Here are three under-the-radar projects to support…
Tacugama Chimpanzee Sanctuary, Sierra Leone
Although lacking the exposure given to projects in more prominent tourist destinations on the continent, west Africa’s chimpanzee sanctuaries play a vital role in protecting a sub-species arguably under even greater threat. One of the leading lights is Tacugama Sanctuary, occupying a patch of forest on the outskirts of Freetown in Sierra Leone.
Established 25 years ago by local wildlife fan Bala Amarasekaran, who was granted a space to save animals trapped in an illegal pet trade, it now cares for more than 100 western chimps of all ages. Many younger residents are orphaned victims of bushmeat poaching, while others are abandoned pets.
Along with caring for chimps, Tacugama supports community outreach projects and funds basic sanitation amenities – all part of a drive to convince local people they should protect the species. Commended by primatologist Jane Goodall for their work, the sanctuary has also been given a responsibility to manage four of Sierra Leone’s national parks.
Visitors can meet older chimps, who have a habit of pelting stones at strangers, or observe the work of nursery matron Posseh Kamara (Mama P), who has the enviable job of bottle-feeding irresistibly adorable babies. There are options to stay overnight in cabins, waking up to an alarm call of primate hoots and calls, or take part in yoga retreats.
But temporary closure due to the pandemic has resulted in a loss of vital income. Anyone wishing to help can make a donation or adopt a chimp.
Rubondo Island National Park, Tanzania
Largely arboreal and surprisingly fast-paced, chimps aren’t the easiest creatures to track on foot. But even if you glimpse nothing more than a tuft of hair disappearing into the thick canopy, the primeval hollers and buttress drumming of communicating troops are sounds you’ll never forget.
Part of a pioneering rehabilitation project in conjunction with the Frankfurt Zoological Society, 16 chimps from European zoos were introduced to Rubondo Island in Lake Victoria in the 1960s, along with elephants, giraffes, hippos and sitatunga antelopes.
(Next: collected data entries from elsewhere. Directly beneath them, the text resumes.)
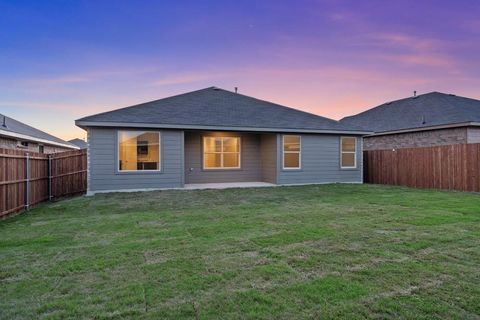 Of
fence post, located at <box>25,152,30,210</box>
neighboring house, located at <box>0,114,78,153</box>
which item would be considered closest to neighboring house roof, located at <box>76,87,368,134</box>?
fence post, located at <box>25,152,30,210</box>

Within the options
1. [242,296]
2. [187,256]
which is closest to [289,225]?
[187,256]

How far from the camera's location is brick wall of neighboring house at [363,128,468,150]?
44.7ft

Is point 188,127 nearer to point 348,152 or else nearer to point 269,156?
point 269,156

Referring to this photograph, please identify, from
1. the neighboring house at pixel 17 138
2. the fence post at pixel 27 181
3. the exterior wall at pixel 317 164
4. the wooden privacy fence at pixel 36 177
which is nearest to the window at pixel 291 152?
the exterior wall at pixel 317 164

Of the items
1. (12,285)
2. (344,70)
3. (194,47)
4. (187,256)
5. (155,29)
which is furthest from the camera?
(344,70)

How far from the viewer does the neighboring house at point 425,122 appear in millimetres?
13719

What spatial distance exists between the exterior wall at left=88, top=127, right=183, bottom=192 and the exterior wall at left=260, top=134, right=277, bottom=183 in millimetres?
4021

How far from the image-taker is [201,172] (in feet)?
44.9

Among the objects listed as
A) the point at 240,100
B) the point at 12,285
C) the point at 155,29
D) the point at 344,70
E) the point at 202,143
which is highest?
the point at 155,29

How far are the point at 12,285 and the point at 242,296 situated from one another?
2.30 meters

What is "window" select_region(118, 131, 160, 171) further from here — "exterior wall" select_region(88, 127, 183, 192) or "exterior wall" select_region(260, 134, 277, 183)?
"exterior wall" select_region(260, 134, 277, 183)

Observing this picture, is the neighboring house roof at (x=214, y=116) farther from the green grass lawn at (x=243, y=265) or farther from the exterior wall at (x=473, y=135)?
the green grass lawn at (x=243, y=265)

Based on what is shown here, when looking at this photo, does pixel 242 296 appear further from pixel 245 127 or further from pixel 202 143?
pixel 202 143

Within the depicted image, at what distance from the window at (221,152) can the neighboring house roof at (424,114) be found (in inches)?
322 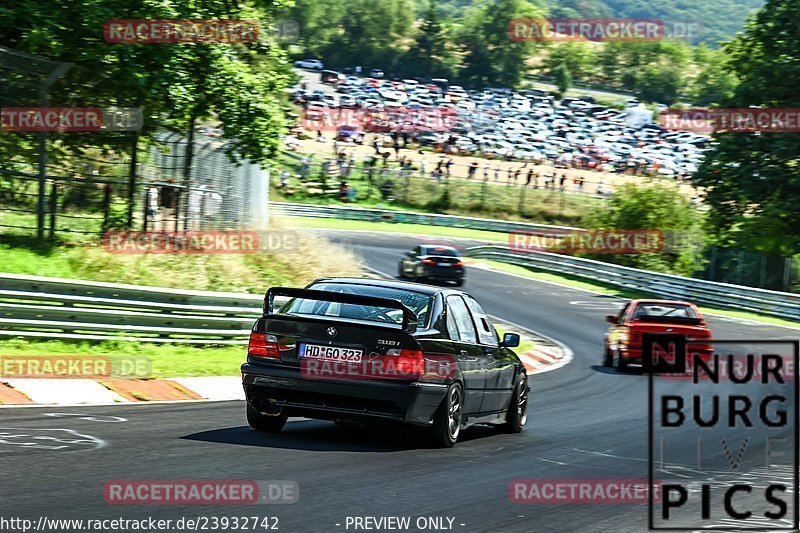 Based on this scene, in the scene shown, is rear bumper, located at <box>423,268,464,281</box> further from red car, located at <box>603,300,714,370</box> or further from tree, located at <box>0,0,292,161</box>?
red car, located at <box>603,300,714,370</box>

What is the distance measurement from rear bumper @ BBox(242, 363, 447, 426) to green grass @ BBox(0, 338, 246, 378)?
4544mm

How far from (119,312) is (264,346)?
6219 millimetres

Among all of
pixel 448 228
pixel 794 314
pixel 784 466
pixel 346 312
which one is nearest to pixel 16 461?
pixel 346 312

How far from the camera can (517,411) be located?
1237cm

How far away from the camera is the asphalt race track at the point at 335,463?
7.02 meters

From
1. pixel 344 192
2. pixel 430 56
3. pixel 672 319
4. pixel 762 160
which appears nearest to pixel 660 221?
pixel 762 160

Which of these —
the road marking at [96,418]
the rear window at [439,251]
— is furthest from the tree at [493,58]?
the road marking at [96,418]

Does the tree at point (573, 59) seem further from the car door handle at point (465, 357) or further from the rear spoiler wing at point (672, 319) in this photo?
the car door handle at point (465, 357)

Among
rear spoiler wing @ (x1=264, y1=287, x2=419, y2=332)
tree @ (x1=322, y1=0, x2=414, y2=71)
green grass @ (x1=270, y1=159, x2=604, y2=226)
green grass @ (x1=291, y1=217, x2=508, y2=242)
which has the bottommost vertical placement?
rear spoiler wing @ (x1=264, y1=287, x2=419, y2=332)

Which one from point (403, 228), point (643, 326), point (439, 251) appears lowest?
point (643, 326)

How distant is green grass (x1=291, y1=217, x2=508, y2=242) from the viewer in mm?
56344

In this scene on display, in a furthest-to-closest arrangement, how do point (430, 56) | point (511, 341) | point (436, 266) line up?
point (430, 56) → point (436, 266) → point (511, 341)

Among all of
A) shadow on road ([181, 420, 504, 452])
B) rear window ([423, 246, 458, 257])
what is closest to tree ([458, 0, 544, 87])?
rear window ([423, 246, 458, 257])

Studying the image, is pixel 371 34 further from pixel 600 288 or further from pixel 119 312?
pixel 119 312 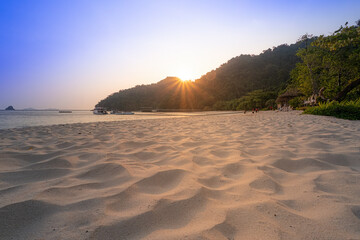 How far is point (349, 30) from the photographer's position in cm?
765

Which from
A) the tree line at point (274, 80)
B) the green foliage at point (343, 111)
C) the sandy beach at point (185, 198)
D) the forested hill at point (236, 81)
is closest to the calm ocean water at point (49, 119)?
the sandy beach at point (185, 198)

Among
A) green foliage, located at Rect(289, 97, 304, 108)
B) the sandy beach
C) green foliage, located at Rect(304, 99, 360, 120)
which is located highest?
green foliage, located at Rect(289, 97, 304, 108)

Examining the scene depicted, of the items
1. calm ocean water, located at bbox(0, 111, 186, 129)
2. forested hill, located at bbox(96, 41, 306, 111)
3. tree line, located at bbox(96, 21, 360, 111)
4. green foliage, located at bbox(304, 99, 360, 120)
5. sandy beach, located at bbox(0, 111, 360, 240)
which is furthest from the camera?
forested hill, located at bbox(96, 41, 306, 111)

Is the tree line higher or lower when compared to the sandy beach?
higher

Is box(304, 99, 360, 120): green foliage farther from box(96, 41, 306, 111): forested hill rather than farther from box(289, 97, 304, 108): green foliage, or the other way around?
box(96, 41, 306, 111): forested hill

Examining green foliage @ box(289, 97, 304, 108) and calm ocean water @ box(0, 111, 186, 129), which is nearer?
calm ocean water @ box(0, 111, 186, 129)

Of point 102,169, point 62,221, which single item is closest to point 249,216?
point 62,221

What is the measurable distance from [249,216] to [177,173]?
886 millimetres

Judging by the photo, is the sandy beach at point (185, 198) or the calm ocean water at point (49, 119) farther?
the calm ocean water at point (49, 119)

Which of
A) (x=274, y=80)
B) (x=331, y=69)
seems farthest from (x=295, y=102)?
(x=274, y=80)

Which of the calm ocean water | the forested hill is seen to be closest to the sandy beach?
the calm ocean water

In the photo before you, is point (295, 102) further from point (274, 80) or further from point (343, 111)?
point (274, 80)

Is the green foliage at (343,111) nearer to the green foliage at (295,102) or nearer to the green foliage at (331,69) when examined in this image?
the green foliage at (331,69)

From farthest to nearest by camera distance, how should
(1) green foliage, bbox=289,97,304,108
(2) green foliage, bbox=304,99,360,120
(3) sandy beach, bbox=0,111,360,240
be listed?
(1) green foliage, bbox=289,97,304,108 → (2) green foliage, bbox=304,99,360,120 → (3) sandy beach, bbox=0,111,360,240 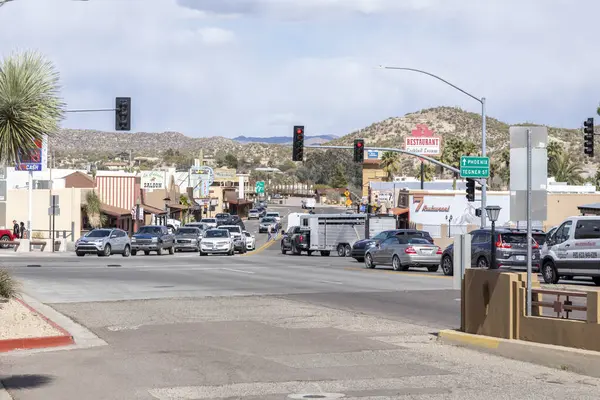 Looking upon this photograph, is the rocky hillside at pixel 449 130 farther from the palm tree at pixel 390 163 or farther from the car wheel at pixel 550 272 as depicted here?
the car wheel at pixel 550 272

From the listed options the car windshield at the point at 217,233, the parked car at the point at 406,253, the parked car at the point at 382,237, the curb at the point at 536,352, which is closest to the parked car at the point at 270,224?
the car windshield at the point at 217,233

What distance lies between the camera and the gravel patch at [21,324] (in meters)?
14.8

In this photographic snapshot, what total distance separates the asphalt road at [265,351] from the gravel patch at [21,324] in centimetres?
98

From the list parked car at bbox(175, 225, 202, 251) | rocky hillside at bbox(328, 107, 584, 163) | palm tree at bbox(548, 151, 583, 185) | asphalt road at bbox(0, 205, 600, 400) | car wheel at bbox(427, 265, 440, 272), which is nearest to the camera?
asphalt road at bbox(0, 205, 600, 400)

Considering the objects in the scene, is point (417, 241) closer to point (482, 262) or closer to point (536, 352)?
point (482, 262)

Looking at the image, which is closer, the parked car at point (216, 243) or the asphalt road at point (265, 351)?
the asphalt road at point (265, 351)

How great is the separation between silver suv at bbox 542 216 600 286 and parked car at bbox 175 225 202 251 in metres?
31.6

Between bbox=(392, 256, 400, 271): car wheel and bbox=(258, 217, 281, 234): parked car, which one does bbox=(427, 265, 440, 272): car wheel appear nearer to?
bbox=(392, 256, 400, 271): car wheel

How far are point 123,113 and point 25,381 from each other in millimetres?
24945

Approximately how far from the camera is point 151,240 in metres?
53.9

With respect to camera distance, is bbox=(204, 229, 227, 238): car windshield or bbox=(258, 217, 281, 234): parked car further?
bbox=(258, 217, 281, 234): parked car

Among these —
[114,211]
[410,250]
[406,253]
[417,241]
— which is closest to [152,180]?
[114,211]

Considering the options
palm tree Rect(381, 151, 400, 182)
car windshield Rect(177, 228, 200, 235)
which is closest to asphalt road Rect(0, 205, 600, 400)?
car windshield Rect(177, 228, 200, 235)

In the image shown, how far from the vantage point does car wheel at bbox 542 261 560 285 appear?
94.0 feet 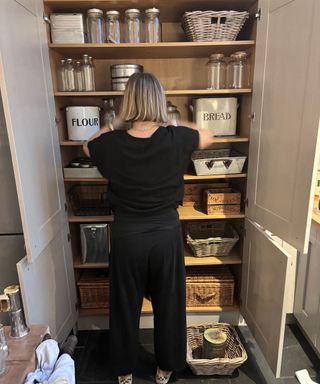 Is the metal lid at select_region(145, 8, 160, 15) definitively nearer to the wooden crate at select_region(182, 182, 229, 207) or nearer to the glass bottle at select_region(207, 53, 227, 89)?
the glass bottle at select_region(207, 53, 227, 89)

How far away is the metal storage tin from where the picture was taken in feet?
6.04

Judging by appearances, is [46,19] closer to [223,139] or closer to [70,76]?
[70,76]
What started as a Noah’s Ark-style experiment has expanded to become an important refuge for the threatened animals, with more than 60 great apes living wild on the remote, uninhabited Tanzanian island.
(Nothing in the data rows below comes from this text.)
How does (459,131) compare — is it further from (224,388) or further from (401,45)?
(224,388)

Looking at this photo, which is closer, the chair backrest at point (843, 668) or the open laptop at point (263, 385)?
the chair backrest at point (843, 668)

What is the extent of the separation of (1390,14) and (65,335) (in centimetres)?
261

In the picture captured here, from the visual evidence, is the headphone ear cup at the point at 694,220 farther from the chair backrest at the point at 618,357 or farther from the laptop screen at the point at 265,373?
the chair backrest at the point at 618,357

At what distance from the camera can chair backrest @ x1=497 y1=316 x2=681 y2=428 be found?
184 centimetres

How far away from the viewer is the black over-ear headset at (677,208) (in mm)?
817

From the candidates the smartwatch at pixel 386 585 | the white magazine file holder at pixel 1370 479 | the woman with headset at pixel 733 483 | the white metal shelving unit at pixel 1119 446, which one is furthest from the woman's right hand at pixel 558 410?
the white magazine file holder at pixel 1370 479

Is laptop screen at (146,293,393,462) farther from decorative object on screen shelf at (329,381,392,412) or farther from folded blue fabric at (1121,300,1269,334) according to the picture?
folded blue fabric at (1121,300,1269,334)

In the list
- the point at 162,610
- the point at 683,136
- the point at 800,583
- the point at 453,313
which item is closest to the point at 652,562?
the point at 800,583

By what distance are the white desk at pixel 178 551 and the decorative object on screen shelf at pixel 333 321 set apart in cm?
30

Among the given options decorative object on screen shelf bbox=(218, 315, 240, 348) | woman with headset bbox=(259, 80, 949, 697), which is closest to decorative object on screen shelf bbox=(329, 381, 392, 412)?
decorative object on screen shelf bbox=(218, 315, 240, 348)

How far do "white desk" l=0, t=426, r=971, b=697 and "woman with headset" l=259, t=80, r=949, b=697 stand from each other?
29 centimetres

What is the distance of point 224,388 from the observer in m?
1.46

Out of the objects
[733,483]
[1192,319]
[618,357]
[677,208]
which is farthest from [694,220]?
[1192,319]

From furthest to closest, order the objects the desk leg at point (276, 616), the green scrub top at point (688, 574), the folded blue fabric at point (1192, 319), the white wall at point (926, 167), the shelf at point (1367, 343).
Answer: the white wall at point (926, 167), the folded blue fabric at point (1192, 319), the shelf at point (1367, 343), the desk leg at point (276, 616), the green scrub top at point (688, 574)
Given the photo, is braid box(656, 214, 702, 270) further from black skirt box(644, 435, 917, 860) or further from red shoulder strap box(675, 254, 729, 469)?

In 2013, conservation-minded safari company Asilia, who operate Rubondo’s only camp, started tracking the chimps and, after three years, opened the experience to tourists. Designed to introduce humans to the animals in a non-threatening manner, the long, sweaty treks can potentially result in sightings of mating, hunting or feeding – or perhaps just a flash of a vanishing bum.
A proportion of fees paid by tourists goes towards supporting the protection of these chimps, and the camp also employs members of the local community. Asilia (asiliaafrica.com) offers an eight-night safari, including three nights at Rubondo Island Camp, from USD$8,000pp (around £5,800) including accommodation, all meals, house drinks, safari activities and all in-country flights to and from Kilimanjaro.
Budongo Central Forest Reserve, Uganda
There are estimated to be around 5,000 chimpanzees living in Uganda, with a well-established infrastructure set up to see habituated animals on treks typically lasting from one to four hours.
Although the largest concentration of troops can be found in Kibale, other areas of the country are growing in popularity. Budongo Forest, part of Murchison Falls National Park, is the only place to offer a full day habituation experience, allowing visitors to follow animals from the moment they wake up in their nests.
Staying overnight at wooden cabins at the solar-powered Budongo Eco Lodge, once used as a research station by the Jane Goodall Institute, tourists can walk directly into the forest to begin their search. Depending on fruit available in different seasons, chimps can either be found high in the trees or scurrying along the floor.
Ugandan entrepreneur and conservationist Amos Wekesa manages the concession through his company Great Lakes Safaris on behalf of the National Forestry Association. In 2019, they generated USD$300K – 15 times the amount previously raised in three years – with a proportion used to fund rangers and education programmes.
Rooms at the Budongo Eco Lodge cost from USD$250/£180 full board per night, and a full day permit to track is USD$250/£180. Book through Great Lakes Safaris (greatlakessafaris.com).